Et c’est dommage. Quand on écoute des titres comme "Blood God Rising", "Continue To Kill" ou encore l’excellent "Apostle of War", tous avec force riffs et double pédale à fond les ballons, impossible de ne pas se faire décrasser les esgourdes par la puissance brut du groupe. Et à contrario, des titres comme "Cuntkiller", "Metal On Metal", "Mincing Machine" ou "Walking Glory Road", beaucoup plus lents, se révèlent – sans être ratés pour autant – bien moins enthousiasmant. Entre les deux, une reprise de "Angel of Death" de Slayer qui n’apporte vraiment rien du tout à l’album. Après, il est sur que certains développeront un avis tout à fait opposé à celui-ci en fonction des affinités, mais il restera toujours cette sensation que l’album est divisé en deux parties avec chacune un tempo prédominant.

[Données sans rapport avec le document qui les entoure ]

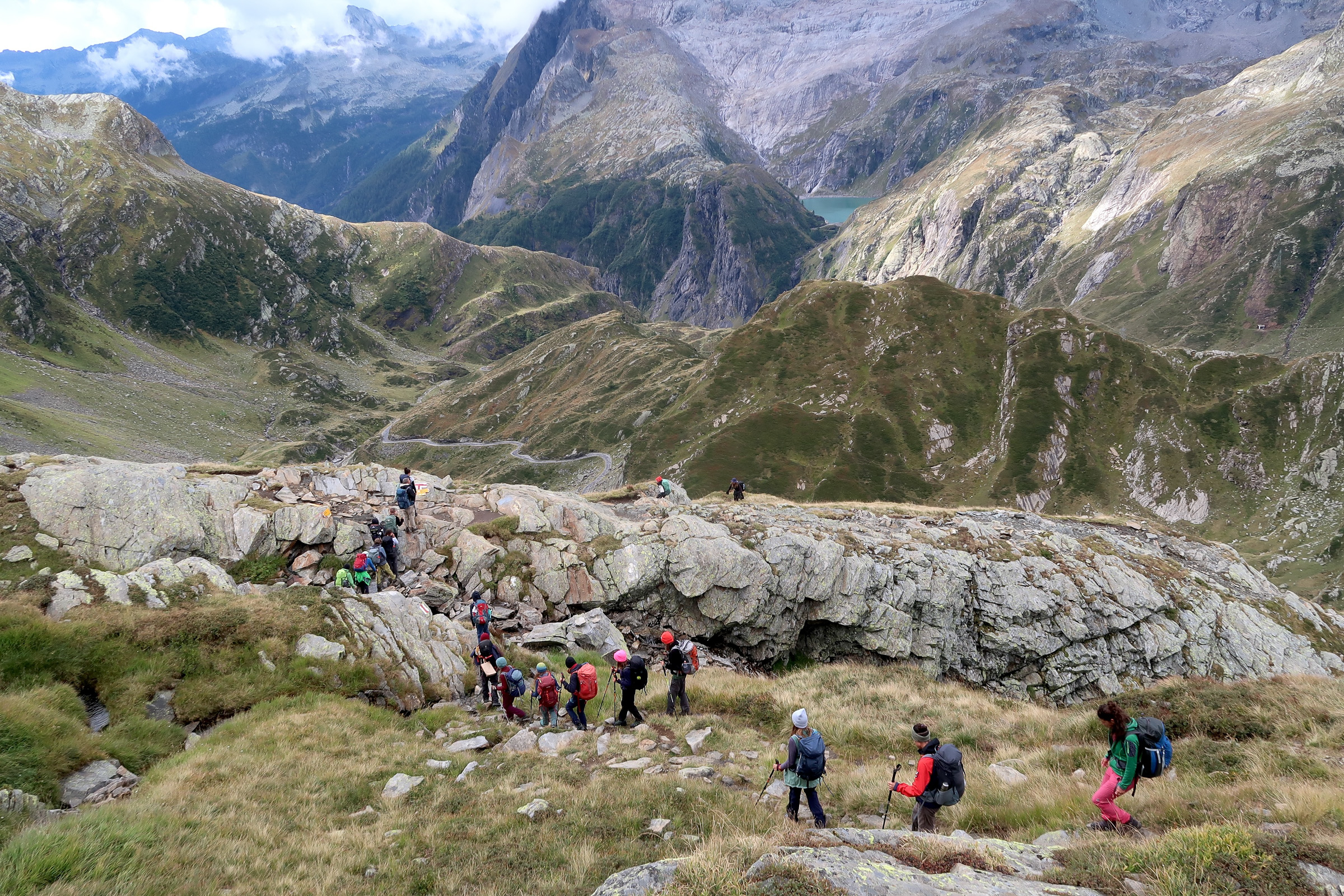 Alpenüberquerung der 7. Klasse Bern - Projektwoche der Steinerschule Bern Ittigen Langnau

Signalons un chouette Artwork de couverture, qui résume à lui seul l’orientation de l’album, mais également l’attrait éprouvé par Thomas The Bloodbeast (leader compositeur chanteur du projet – difficile de parler de groupe à part entière, même s’il est entouré d’ex-membres de Belphegor, Primal Fear ou Pink Cream 69) pour l’univers Warhammer 40.000. Il cite en effet dans son introduction des paroles tirées d’un des romans issus de cet univers, et remercie dans les crédits de l’album les auteurs de ces séries (dont Graham Mc Neil, Dan Abnett et Gavin Thorpe). Et c’est cohérent : on peut très bien imaginer en écoutant Continue to Kill des scènes de batailles entre Spaces Marines, Orks, Marines du Chaos et autres Eldars et les infâmes boucheries qui en découlent. Violent, malsain et provocateur (il n’y a qu’à lire les paroles), Continue to Kill n’est pas destiné aux âmes sensibles.


En tous cas, les amateurs de gros sons y trouveront leur compte. C’est sale, brutal et ça respire la sueur et le sang : l’essence même du death metal semble ici suinter à travers les enceintes de la chaine hi-fi. Dommage donc que cet album soit tellement inégal. S’il n’avait été composé que de tueries comme le sont les meilleurs titres du CD, nul doute qu’il aurait gagné sa place à coup de bolter dans votre CDthèque.